Numerous meat processing facilities across the United States, including several operated by Tyson Foods, have reported virus outbreaks among staff over the last two months. Many of them suspended or limited activities as a result, though most that initiated short-term closures have since reopened. Tyson's Wilkesboro plant limited its operations during the first two weeks of May, after health officials in Wilkes County identified a growing number of infections linked to the facility and tested more than 200 of its employees.

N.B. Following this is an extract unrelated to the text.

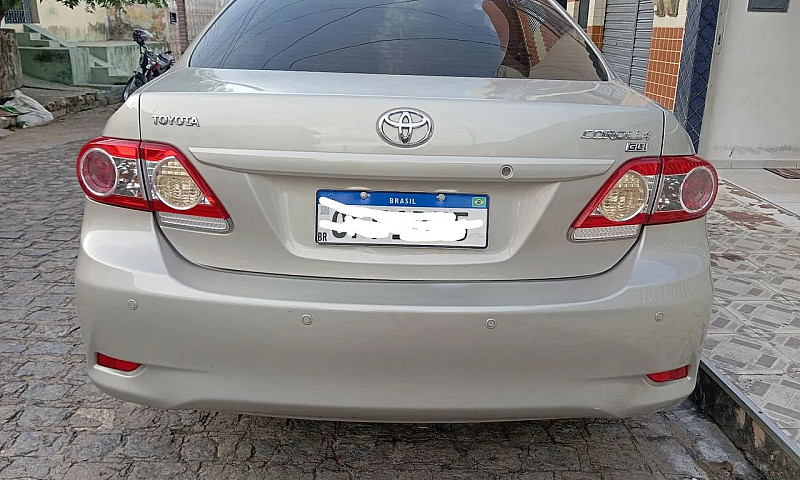 Corolla Gli 1.8 2013...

Tyson went on to implement facility-wide testing procedures at the Wilkesboro plant. The meat processing corporation confirmed 570 of the plant's 2,244 employees had tested positive for the novel coronavirus in a statement released on May 20, which said most cases identified were asymptomatic. The plant had resumed regular operations six days earlier, and noted that "production has begun to ramp up at the facility" in its comprehensive virus report. Tyson said additional protective measures to promote ongoing virus mitigation at the plant had been implemented.

Tyson Foods
A "now hiring" sign is displayed outside an Arkansas Tyson Foods plant in January 2020. Since the start of the novel coronavirus pandemic, hundreds of employees at various U.S. facilities operated by Tyson have tested positive for the respiratory syndrome. In response to a recent outbreak confirmed at its plant in Wilkesboro, North Carolina, a local hair salon issued a notice saying it would temporarily stop serving Tyson employees due to concerns about transmission. Mark Reinstein/Corbis via Getty Images

Tyson has reported outbreaks of various sizes among staff at meat processing facilities in several U.S. states, including Virginia, Nebraska, Maine, Washington and Iowa, in addition to North Carolina. Though some of those locations shut down or modified operations as a result, all have now resumed some degree of production.

Like Tyson, meat processing plants owned by other large corporations, including Smithfield Foods and JBS USA, have either continued or resumed operations after staff tested positive for the novel coronavirus. The companies were incentivized to do so after President Donald Trump reinstated the Defense Production Act at the end of April, which classified U.S. protein facilities as critical infrastructure and required them to continue operating throughout the pandemic.